§ **Supplied material**:
-*-*-

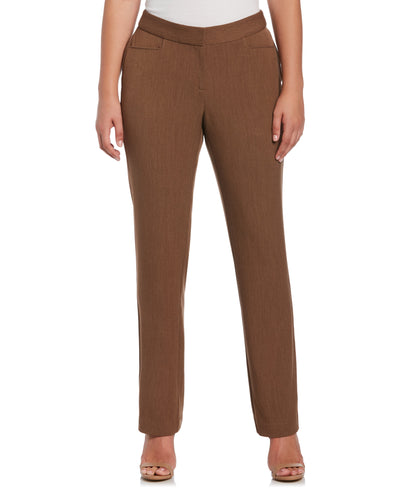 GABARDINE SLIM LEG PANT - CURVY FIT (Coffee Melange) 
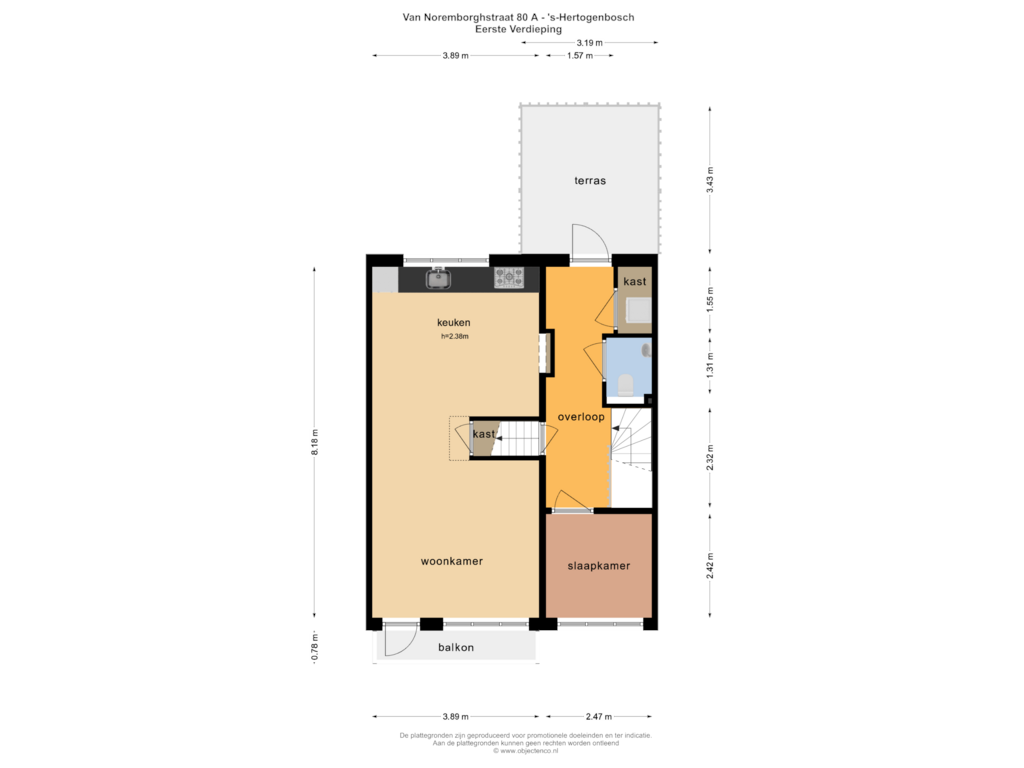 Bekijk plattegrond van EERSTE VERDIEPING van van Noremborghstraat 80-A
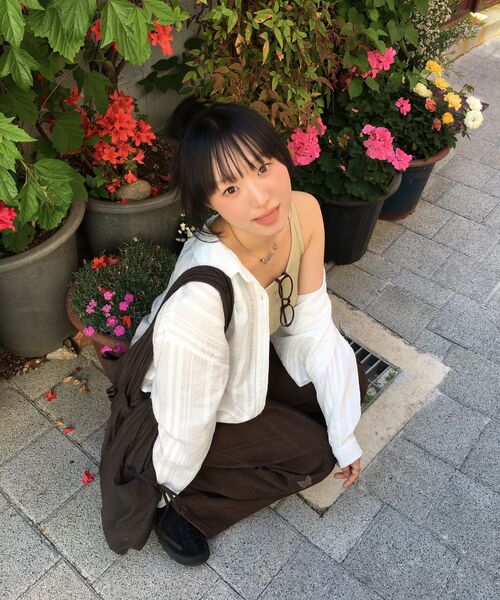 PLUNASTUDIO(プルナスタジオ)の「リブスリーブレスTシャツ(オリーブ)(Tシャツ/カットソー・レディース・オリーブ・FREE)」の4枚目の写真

-*-*-

§ **Instructions to follow**:
Could you repeat the listing above exactly, omitting its pictures?

§ **Answer to this problem**:
 GABARDINE SLIM LEG PANT - CURVY FIT (Coffee Melange) 
 Bekijk plattegrond van EERSTE VERDIEPING van van Noremborghstraat 80-A
 PLUNASTUDIO(プルナスタジオ)の「リブスリーブレスTシャツ(オリーブ)(Tシャツ/カットソー・レディース・オリーブ・FREE)」の4枚目の写真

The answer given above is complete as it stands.